Data listing below:

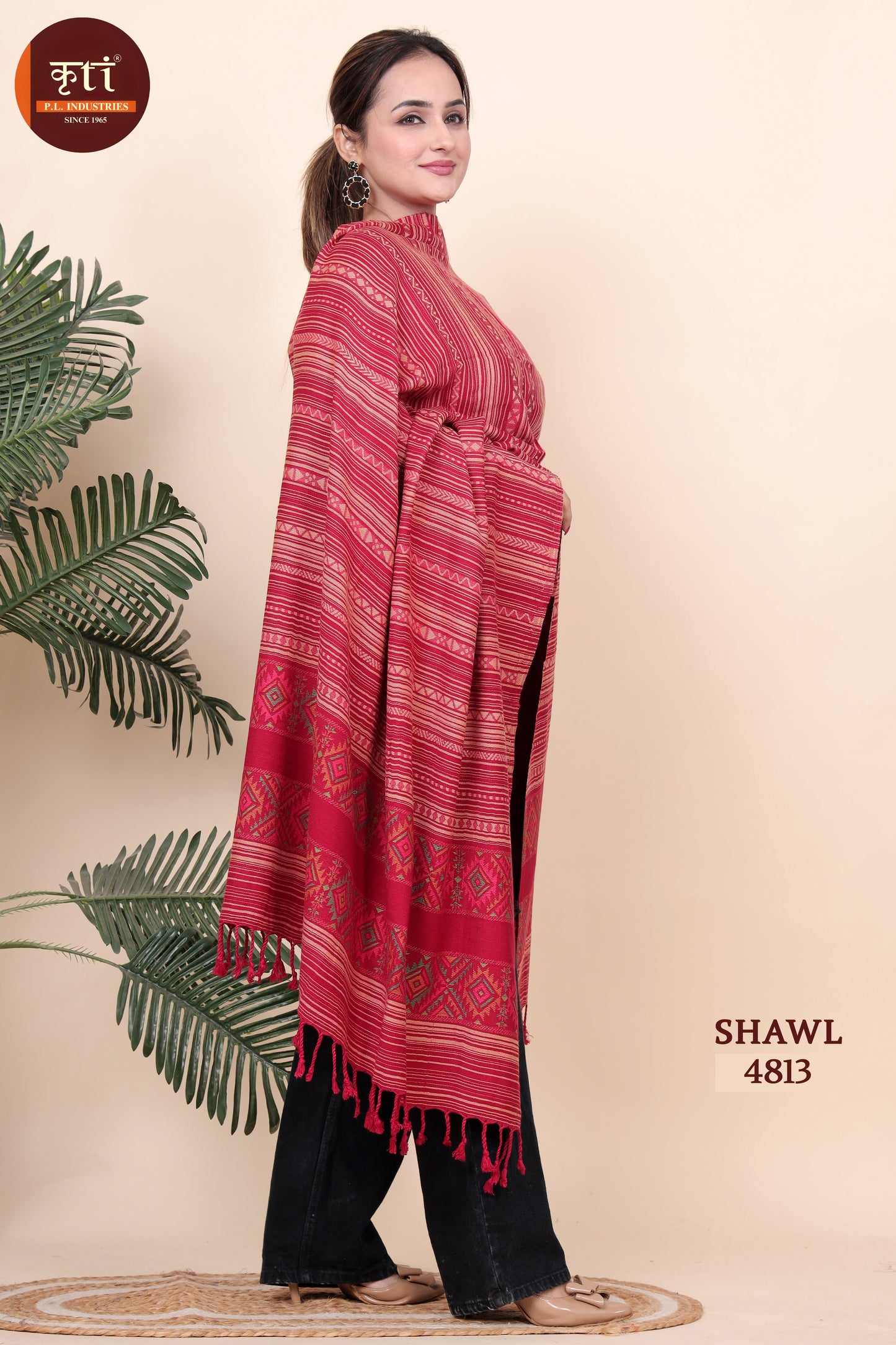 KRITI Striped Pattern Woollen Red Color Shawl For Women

End of Data listing.
Data listing below:

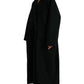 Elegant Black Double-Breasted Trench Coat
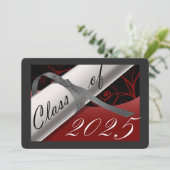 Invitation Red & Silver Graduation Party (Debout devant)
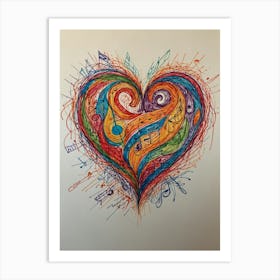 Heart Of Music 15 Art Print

End of Data listing.

▶ About this task
What you need to produce is an exact copy of the entries above, limited to the lines from the one with "Elegant Black Double-Breasted Trench Coat" up to and including the one with "Heart Of Music 15 Art Print", without pictures.

▶ Reply
 Elegant Black Double-Breasted Trench Coat
 Invitation Red & Silver Graduation Party (Debout devant)
 Heart Of Music 15 Art Print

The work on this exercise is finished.